ASSIGNMENT: The line containing "Pittsburgh, PA 15228" marks the start. Restate it and every following line through the end of the records exactly, and nothing else, leaving out the pictures.

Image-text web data
--

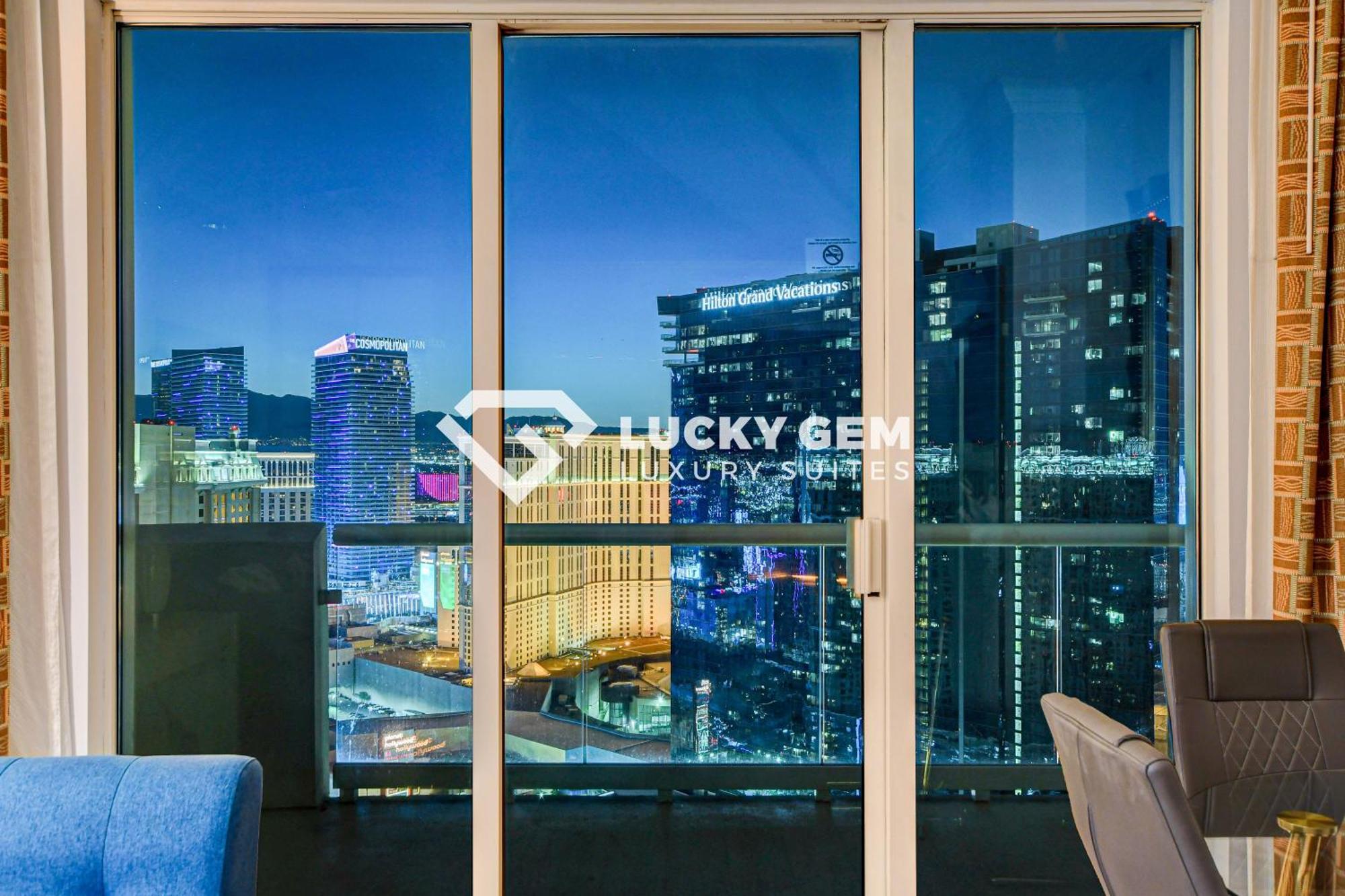 Lucky Gem Penthouse & Luxury Suites At Signature Resort, Balcony Strip View 3505 Las Vegas Exterior photo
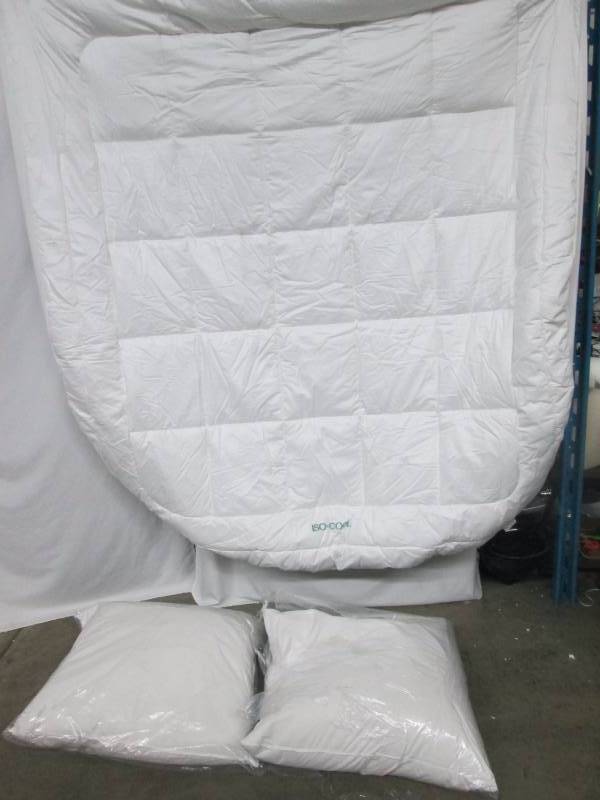IsoCool Mattress Pad and Pillows - Queen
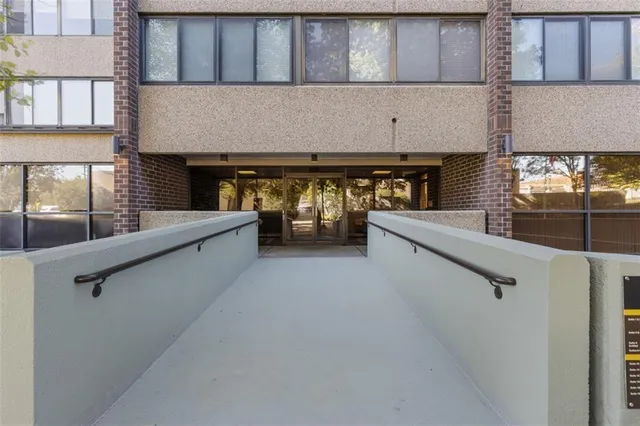 $273,900 | 750 Washington Road, Unit 1006, Pittsburgh, PA 15228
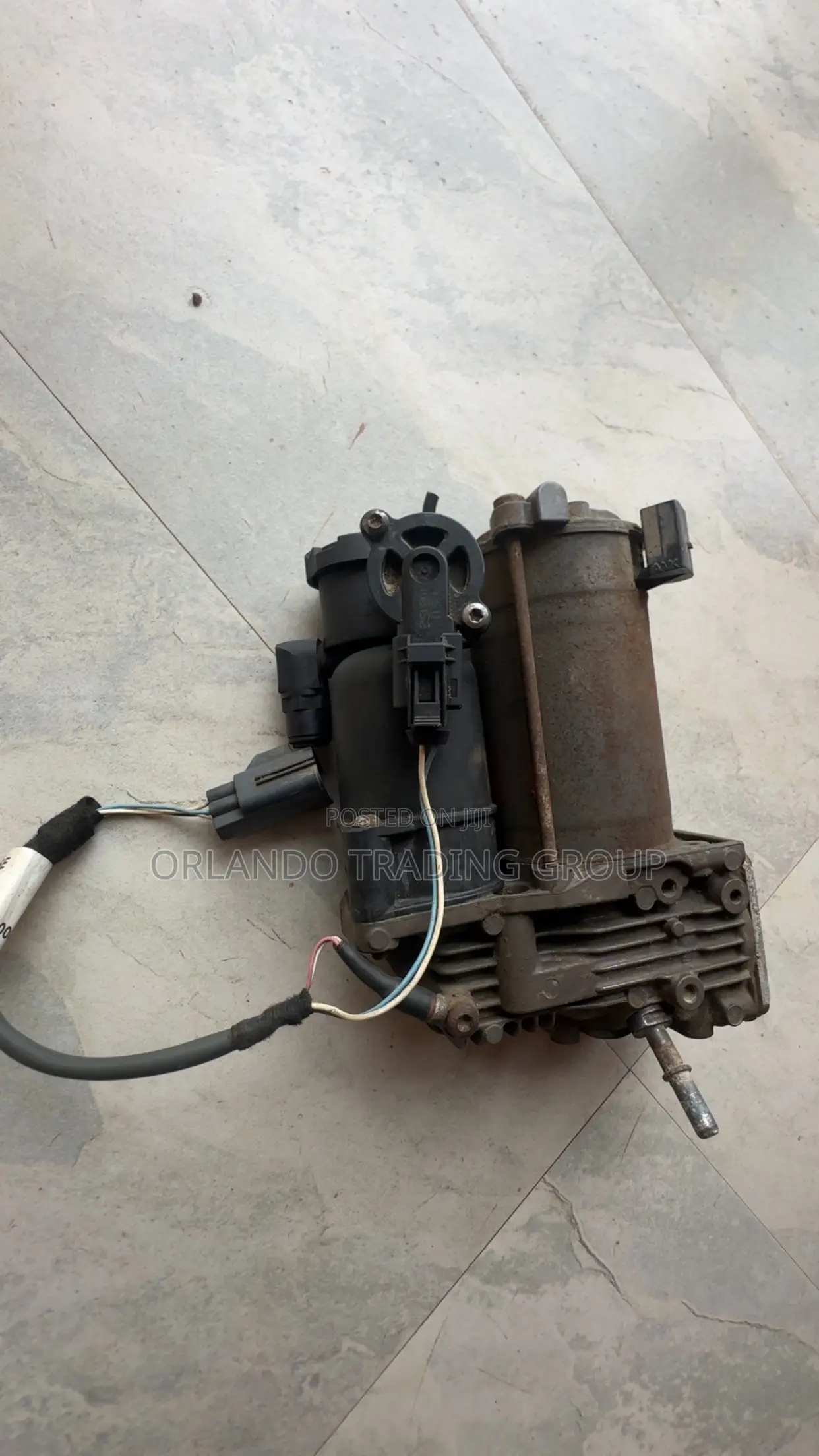 Land/Range Rover Air Suspension Compressor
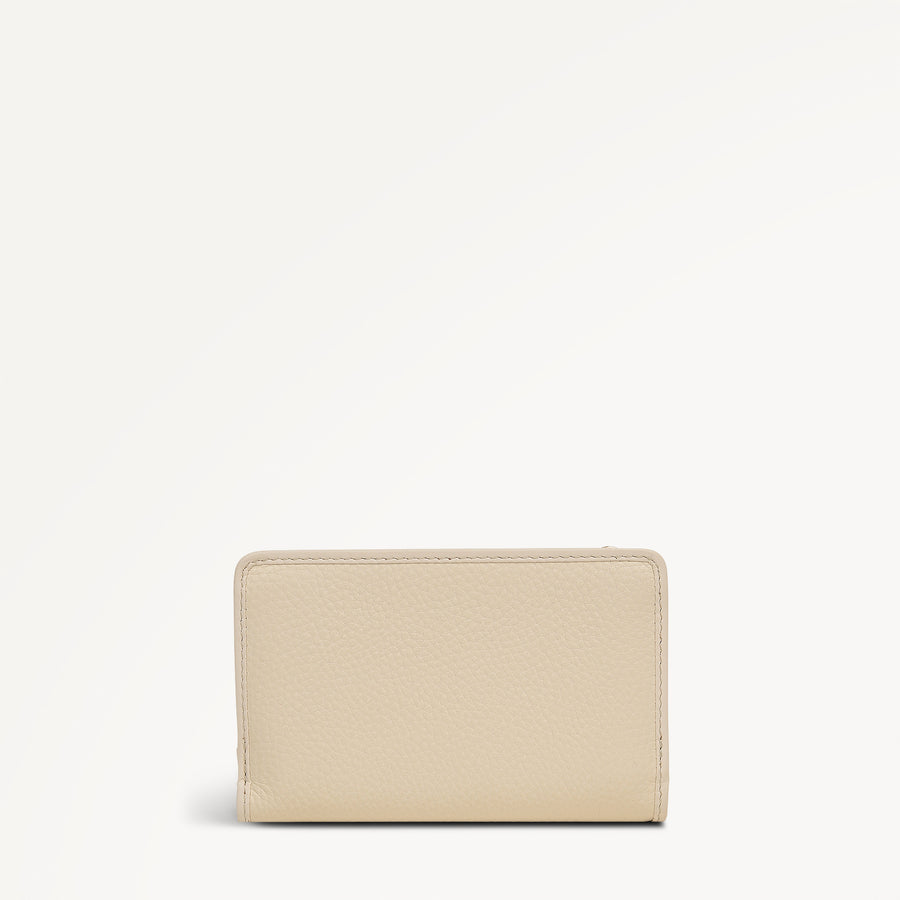 Chartfield Place Medium Bifold Purse Salt - 113685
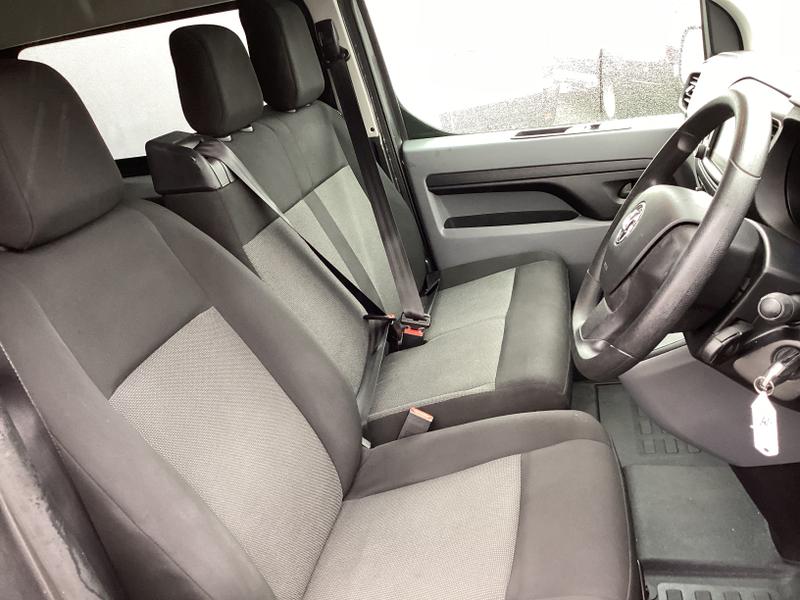 Used Vauxhall Vivaro Life 2022 for sale - 76616204: Photo 32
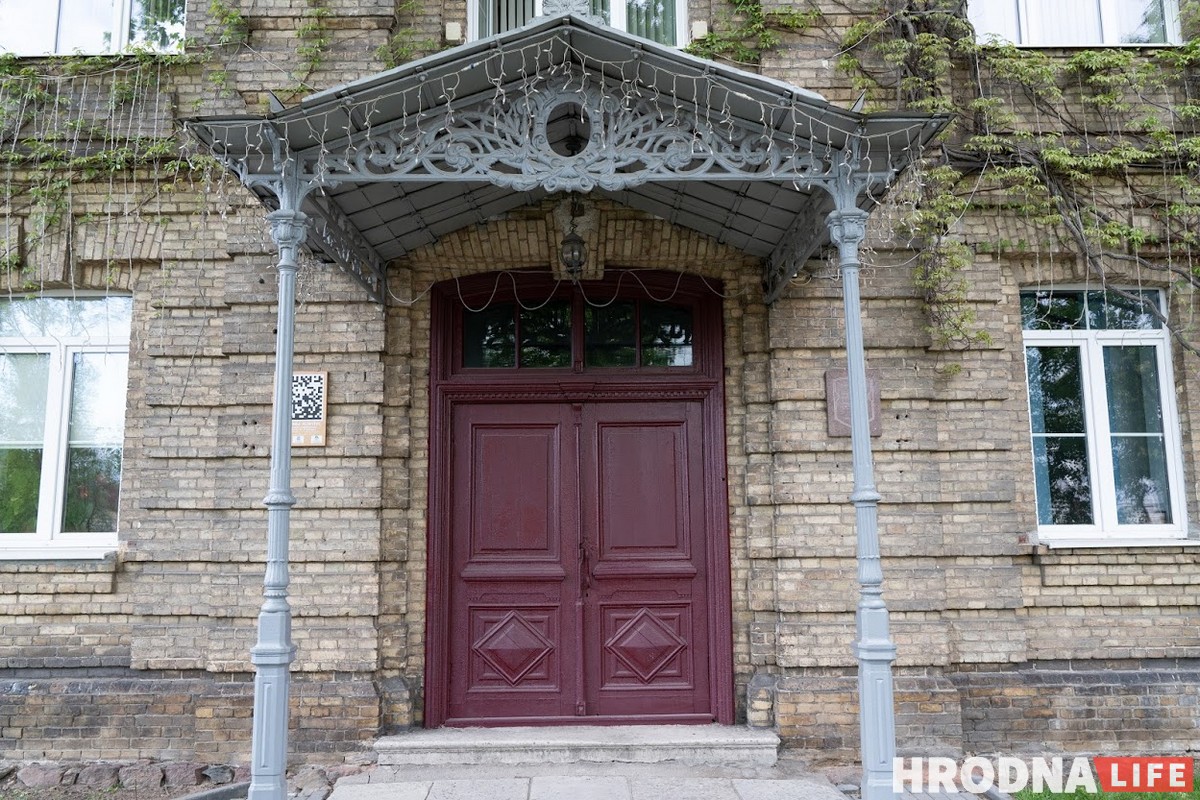 Будынак галоўнага корпуса ўніверсітэта імя Янкі Купалы ў 1893-1914 гадах быў жаночай Марыінскай гімназіяй. Узвёў будынак гімназіі Васіль Нябольсін, губернскі архітэктар Масквы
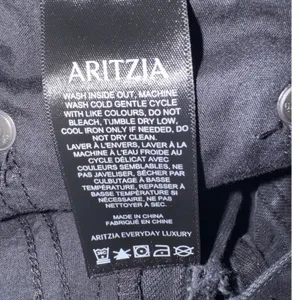 Denim Forum Aritzia The 90s Mid-Rise Cargo Mini Skirt Washed Black Size 26 thumbnail 8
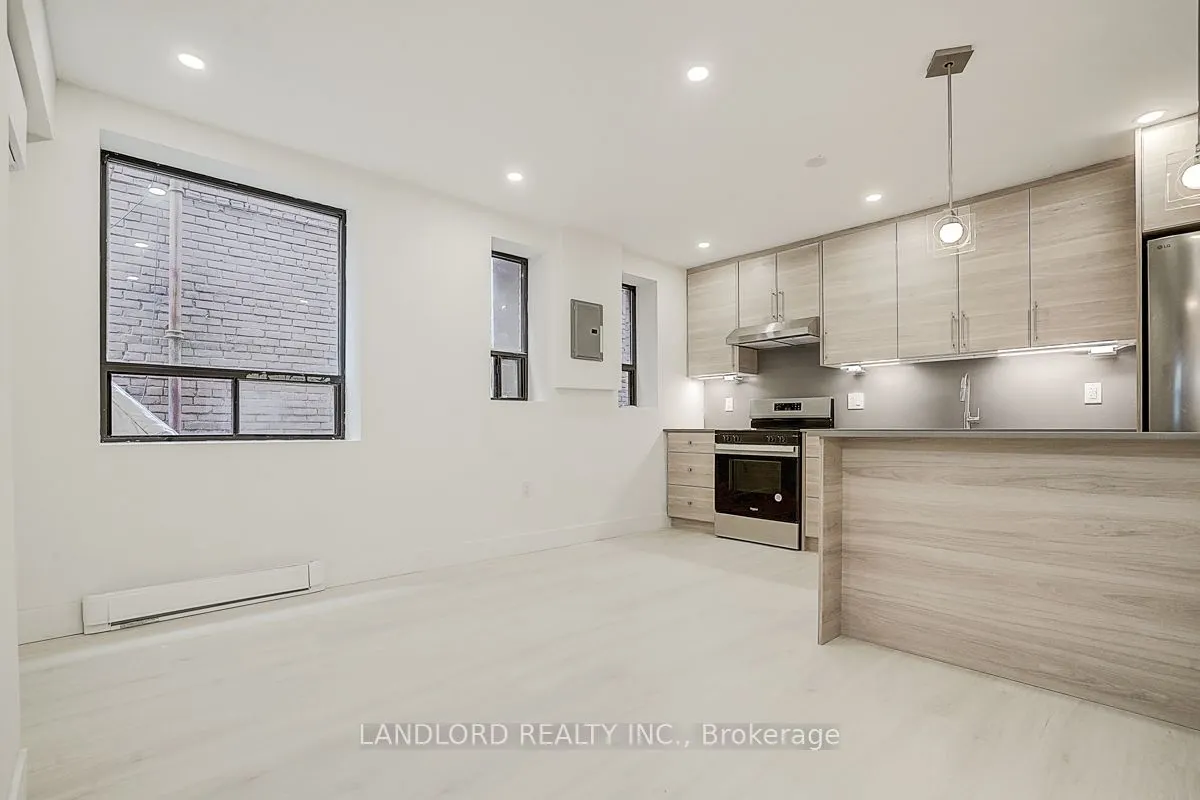 240 Durie Street, #206
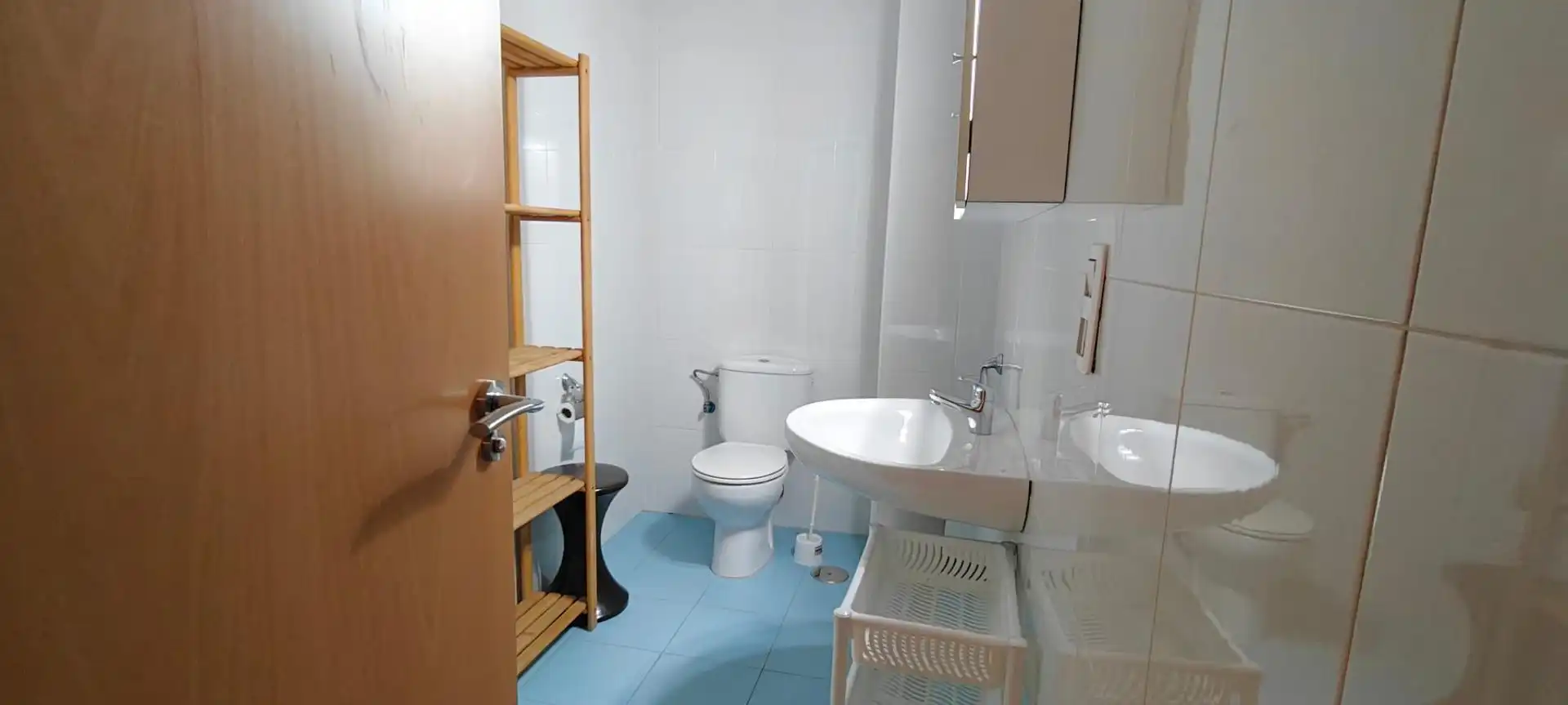 Baño de Piso para compartir en Granada con Amueblado y Balcón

--

SOLUTION TO THIS TASK:
 $273,900 | 750 Washington Road, Unit 1006, Pittsburgh, PA 15228
 Land/Range Rover Air Suspension Compressor
 Chartfield Place Medium Bifold Purse Salt - 113685
 Used Vauxhall Vivaro Life 2022 for sale - 76616204: Photo 32
 Будынак галоўнага корпуса ўніверсітэта імя Янкі Купалы ў 1893-1914 гадах быў жаночай Марыінскай гімназіяй. Узвёў будынак гімназіі Васіль Нябольсін, губернскі архітэктар Масквы
 Denim Forum Aritzia The 90s Mid-Rise Cargo Mini Skirt Washed Black Size 26 thumbnail 8
 240 Durie Street, #206
 Baño de Piso para compartir en Granada con Amueblado y Balcón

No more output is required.